The designer/art director, Maia Wright, wanted to reference the famous title page of the first edition of Walden, which featured an engraving of Thoreau's cabin in the woods.
The idea was to re-imagine Thoreau's cabin after climate change. The publisher wanted our illustration to be in color, so Maia and I decided to try to make it look like a vintage lithograph. I did some research and found a couple of mid-1800s color lithos, and what I noticed about them was a particular type of dot pattern that looked almost hand drawn. Here's an example:
Primack's Walden research reveals three categories of change since the 1850s. One is that some species have become extinct or near extinct, the second is that some 'invasive species' are thriving instead, and the third is that there are now some temporal mismatches (for example, some plants flowering too early for their natural pollinators, or birds showing up too early for the plants they usually feed on). We wanted to show these trends visually but without overstating the case, so we decided to show trees in various phases of leafing, a few invasives (multiflora rose, burning bush, purple loosestrife), nuisance species (starlings) which crowd out natives, and missing species (wood duck and asters). None of these are things that Thoreau would have seen.

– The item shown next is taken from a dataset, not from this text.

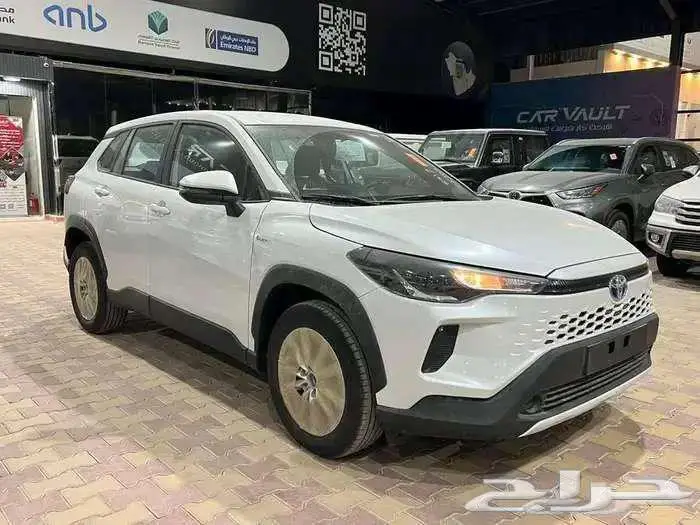 كورولا كروس LE ستاندر 2025 3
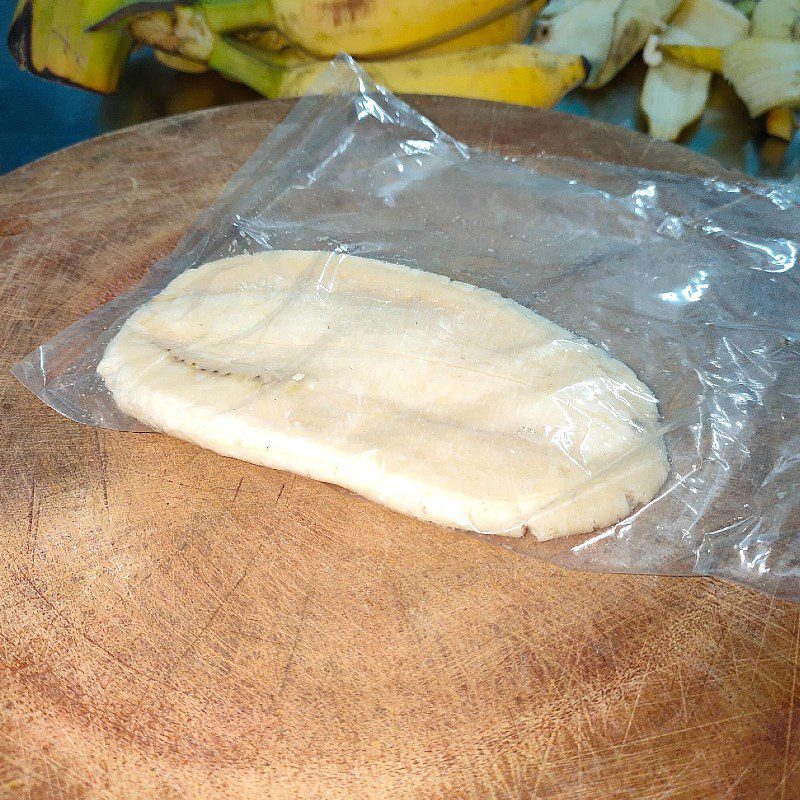 Step 3 Flattening the bananas Fruit banana ice cream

Here's the illustration alone:
The whole piece is a combination of hand drawing, digital color, and scanned textures. Below is a detail view showing some of the textures, especially the dot pattern, which I created by hand for the butterfly:
I used a Photoshop dot pattern as well (you can see it in the shading of the green area above the butterfly) plus some brush strokes that I scanned in and colorized. Somewhere along the way someone mentioned Audubon, so I looked at a lot of those old prints as well.
I'm not sure that it looks entirely like an old litho, but the client was very happy with the result, so I was happy too.